= PROVIDED DATA =
====================
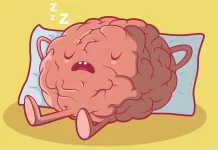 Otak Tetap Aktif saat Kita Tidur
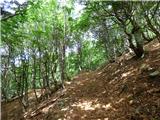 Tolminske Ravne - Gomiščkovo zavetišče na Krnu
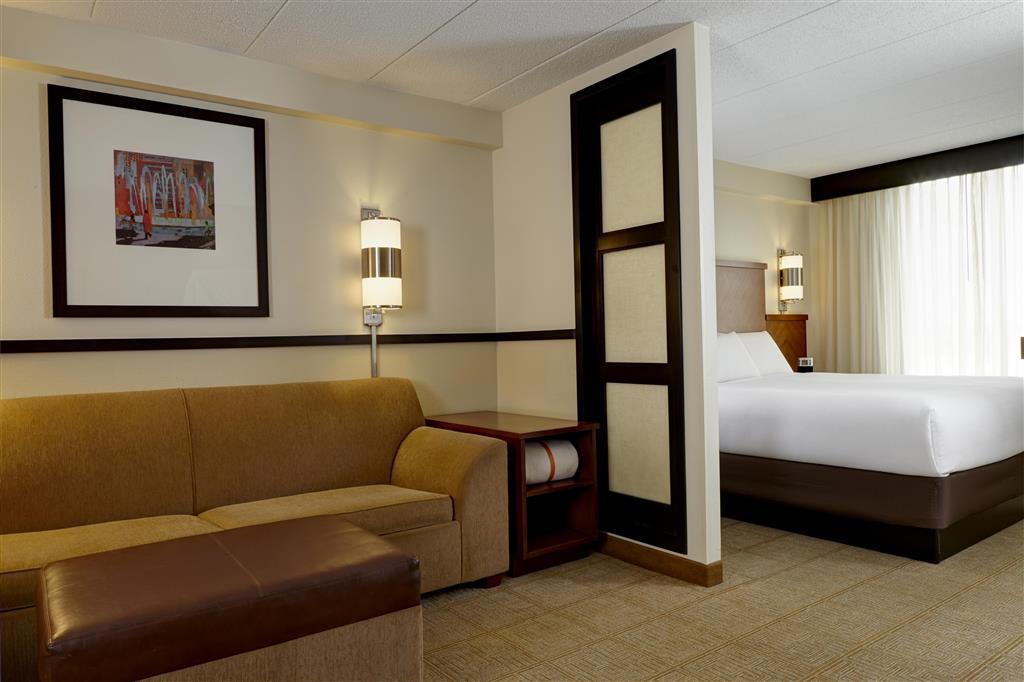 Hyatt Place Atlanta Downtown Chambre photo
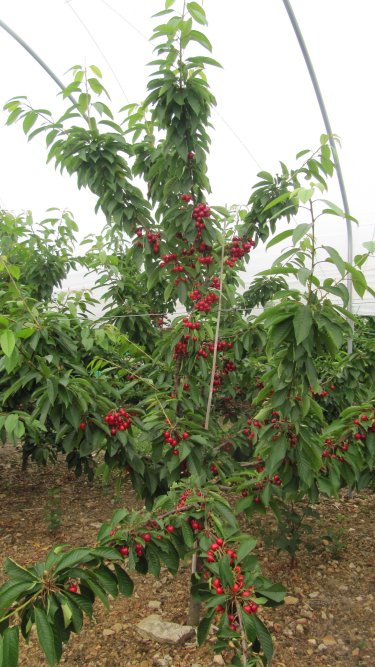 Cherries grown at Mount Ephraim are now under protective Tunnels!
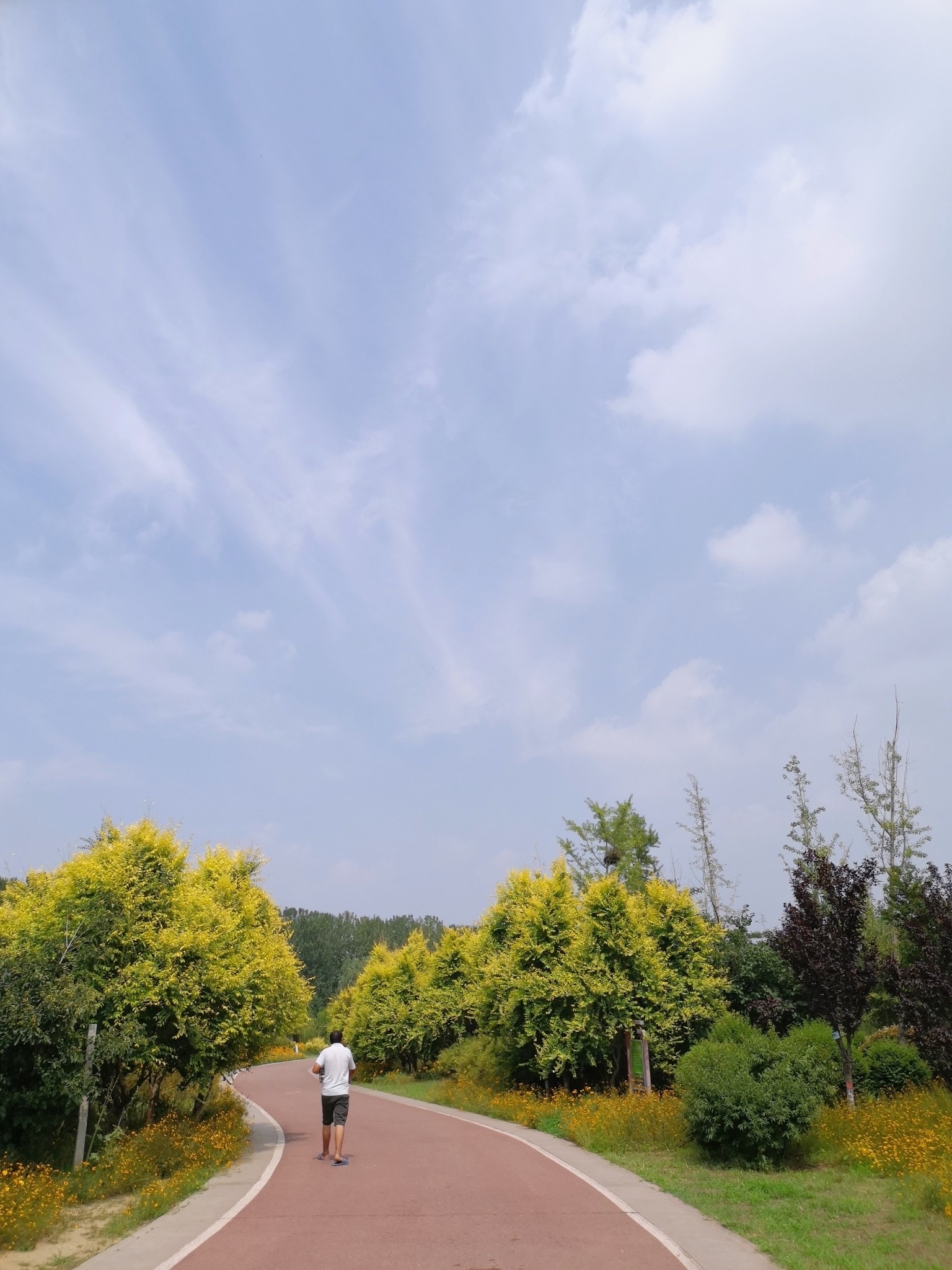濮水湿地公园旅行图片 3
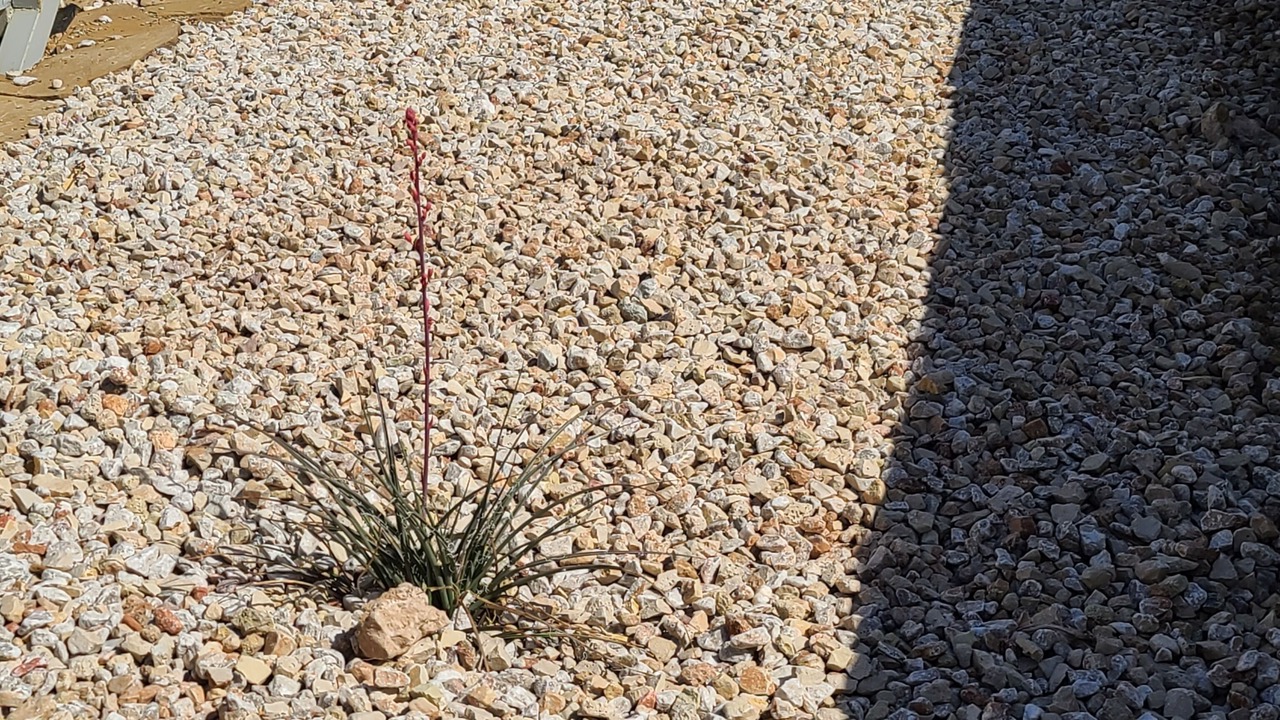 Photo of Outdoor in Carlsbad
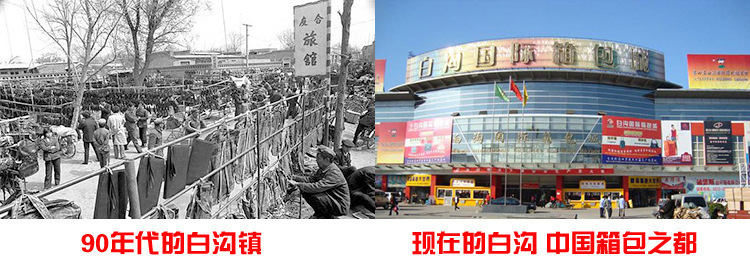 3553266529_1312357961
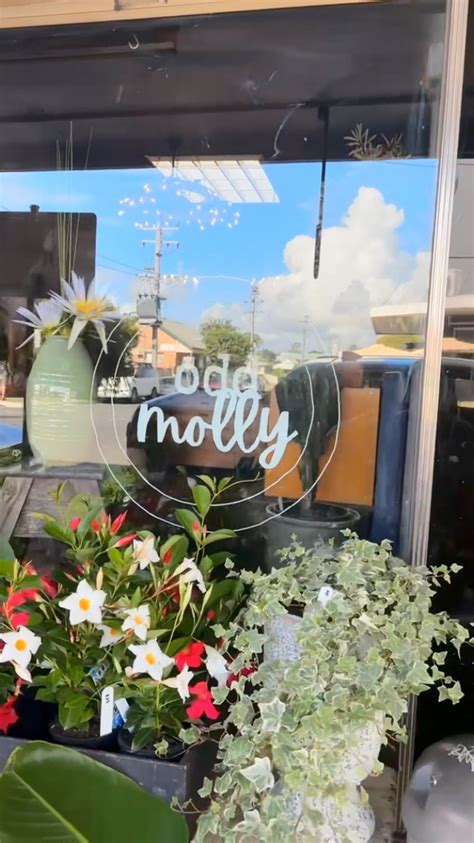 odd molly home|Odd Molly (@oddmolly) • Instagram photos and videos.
====================
= PROMPT =
Images are to be omitted; everything else in the records is to be transcribed exactly.

= TASK OUTPUT =
 Otak Tetap Aktif saat Kita Tidur
 Tolminske Ravne - Gomiščkovo zavetišče na Krnu
 Hyatt Place Atlanta Downtown Chambre photo
 Cherries grown at Mount Ephraim are now under protective Tunnels!
濮水湿地公园旅行图片 3
 Photo of Outdoor in Carlsbad
 3553266529_1312357961
 odd molly home|Odd Molly (@oddmolly) • Instagram photos and videos.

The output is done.